Carved up territories

The
media networks crisscrossed the nation last evening on their large
screen high tech maps gathering political results of the election
and hitting state by state numbers measuring. What we weren’t learning
from any major network at the time was the other state by state toll,
where the country was swept by disastrous storms, with tremendous impact.


Residents in five Southern states tried to salvage what
they could Wednesday from homes reduced to piles of debris, a day after
the deadliest cluster of tornadoes in nearly a decade tore through the
region, snapping trees and crumpling homes. At least 50 people were
dead.

Rescue crews, some with the help of the National Guard, went
door-to-door looking for more victims. Dozens of twisters were reported
as the storms swept through Kentucky, Tennessee, Mississippi, Arkansas
and Alabama.

I monitored the coverage just about all evening, and learned of the
devastation when some of the presidential candidates appeared at their
campaign rallies to give speeches…..and called their supporters’
attention to the disasters of the day in all those states.

It was jarring, and still is.


In many places, the storms struck as Super Tuesday
primaries were ending. As the extent of the damage quickly became
clear, Hillary Rodham Clinton, Barack Obama and Mike Huckabee paused in
their victory speeches to remember the victims.

That was the first reporting I was aware of, of these dreadful
storms. The films today shot from helicopters above the devastated
areas show breathtaking destruction.


“Loss of life, loss of property — prayers can help and
so can the government,” [President George] Bush said. “I do want the
people in those states to know the American people are standing with
them.”

The American people are always best in times of disaster and tragedy, always generous and swift to respond with relief.

The American political process that swept everyone’s attention away
on Super Tuesday is at its best, too, when the people are as engaged as
they are right now, for all their differences and disagreements.

And those are considerable…

The Democrats are pretty well split between Sen. Clinton and Sen.
Obama, though some analysts today are still saying with some (seemingly
unwarranted) certainty that she will be the party’s nominee. Sen. Obama certainly doesn’t believe that.

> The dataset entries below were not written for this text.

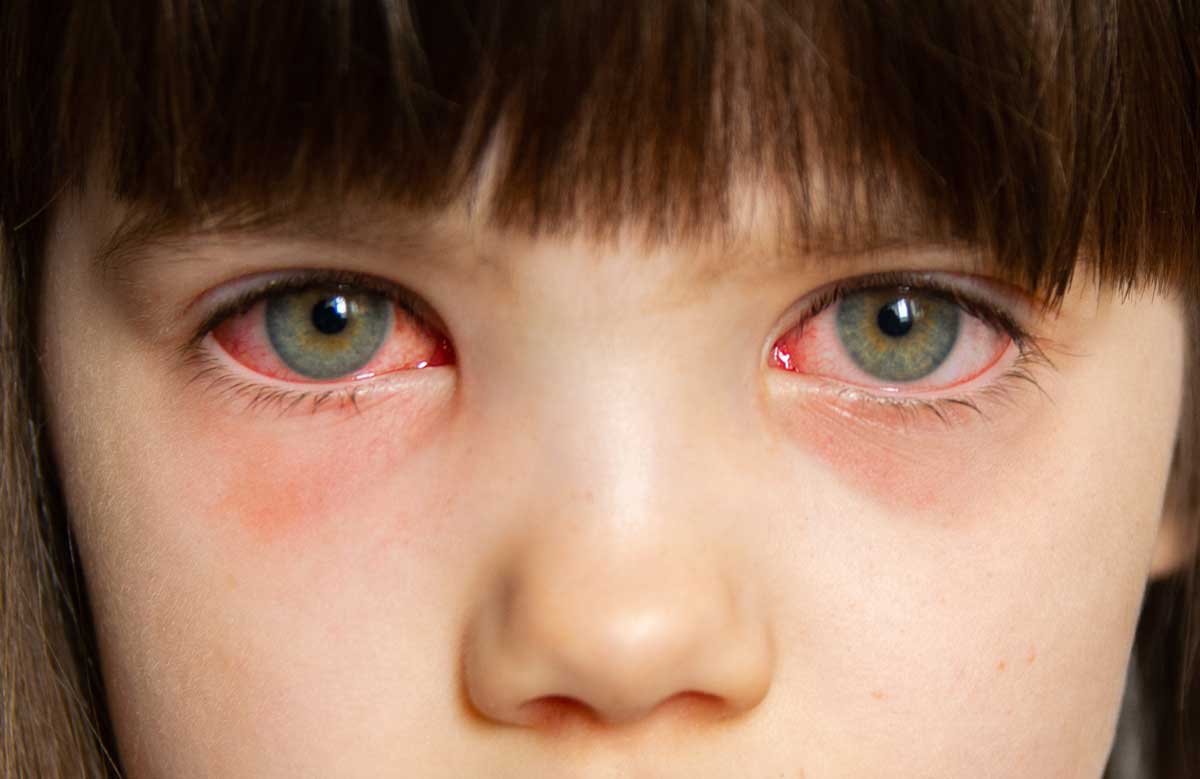 포도막염 포도막염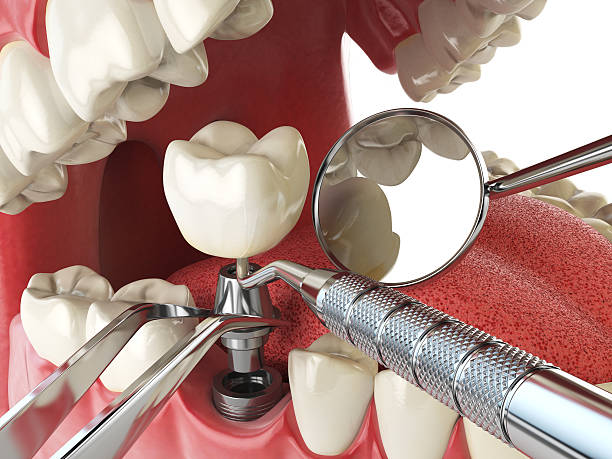 Best Emergency Dentist for Knocked-Out Tooth in Homeland, GA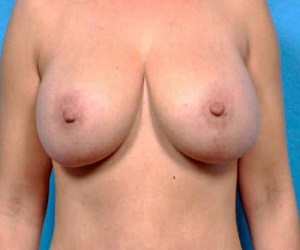 Breast augmentation VS breast lift_after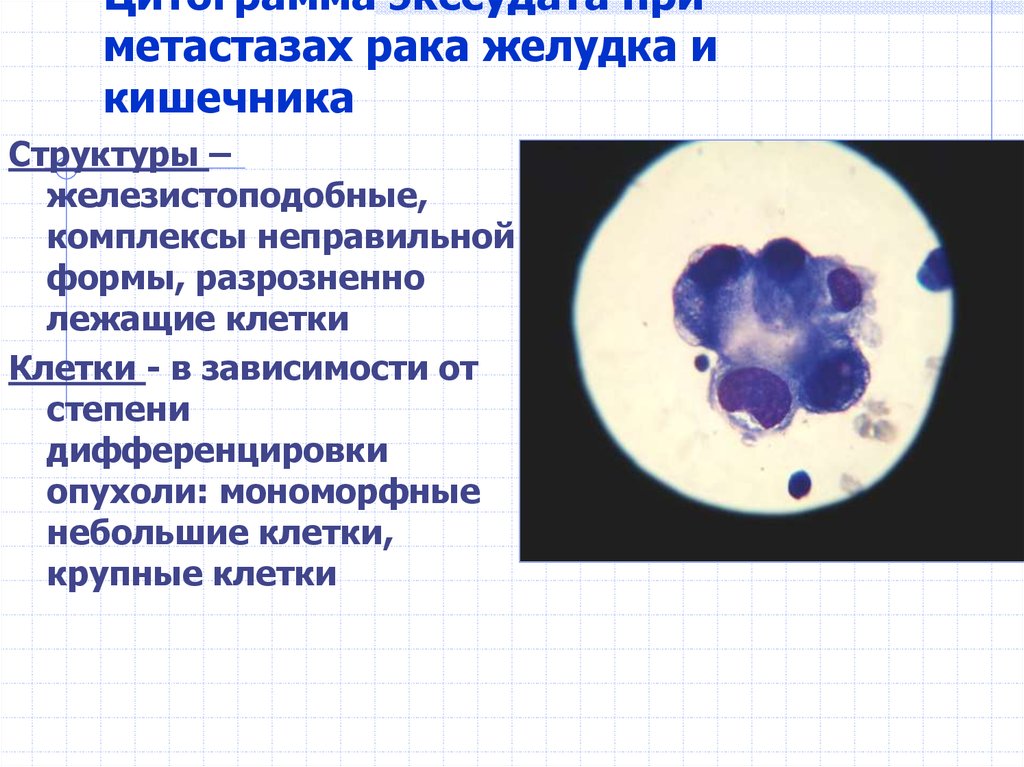 Цитограмма. Цитологическая диагностика выпотных жидкостей. Плазматические клетки в выпотной жидкости. Эритроциты в выпотных жидкостях.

Barack Obama said he emerged from Super Tuesday as the
leader in the delegate count over Hillary Clinton in a Democratic
presidential race that both campaigns expect will be a protracted
battle.

Which is best for the democratic process in such an energized
election year. It would be better if these candidates were now
scrutinized more closely than they have been on their policies and
principles.

The Republicans have carved up the country, too, dividing the
social, fiscal, defense and judicial conservatives, and McCain’s major
lead now has not coalesced them. In fact, these groups have all seemed
to dig in deeper. The staunchest Reagan conservative coalition is
frankly accusing fellow conservataives of caving or folding in order to
ameliorate the anti-Bush political world (in Washington especially) and
jockey for better positions in an eventual less conservative
administration, should McCain win the election.

As for the pervasive question right now of whether the anti-McCain
conservatives could possibly find their way to support him if he’s the
party nominee…that’s premature. It’s too early to be asking that. In
fact, the question implies capitulation to the moderate to liberal
groups within the Republican party while the primaries are still going
on. The presumptive scenario on a lot of minds becomes evident when
people ask ‘would the conservatives prefer Hillary to McCain?’

Candidates Obama, Romney, Huckabee, and even Paul have something to
say about that….and nobody is listening to Paul except his impressive
support base.

Tomorrow is an important event for conservatives and McCain - the
C-PAC takes place (Conservative Political Action Committee conference)
and McCain is attending this year (he didn’t last year). And it’s his next big test.


CPAC is the Lollapalooza of the Republican right, and
its founder, David Keene, has been an outspoken critic of McCain’s
perceived anti-conservative transgressions on issues ranging from
campaign finance reform (McCain’s for it) to gun control (for it, in
certain instances) to global warming (against it). As a result, McCain
has routinely skipped the event; last year, he was booed in absentia.
“He won’t get a poor reception at CPAC; he’ll get a mixed reception,”
says McCain adviser Charlie Black, who promises that McCain’s
conservative endorsements will be showcased at the event.

A conservative analyst just predicted that will be the last time they’re showcased, saying McCain will ‘drift moderate’ after the conference, returning to who he ‘really is’.

It’s about time we learn who they all really are. It’s what Coach Ditka calls ‘gut check time.’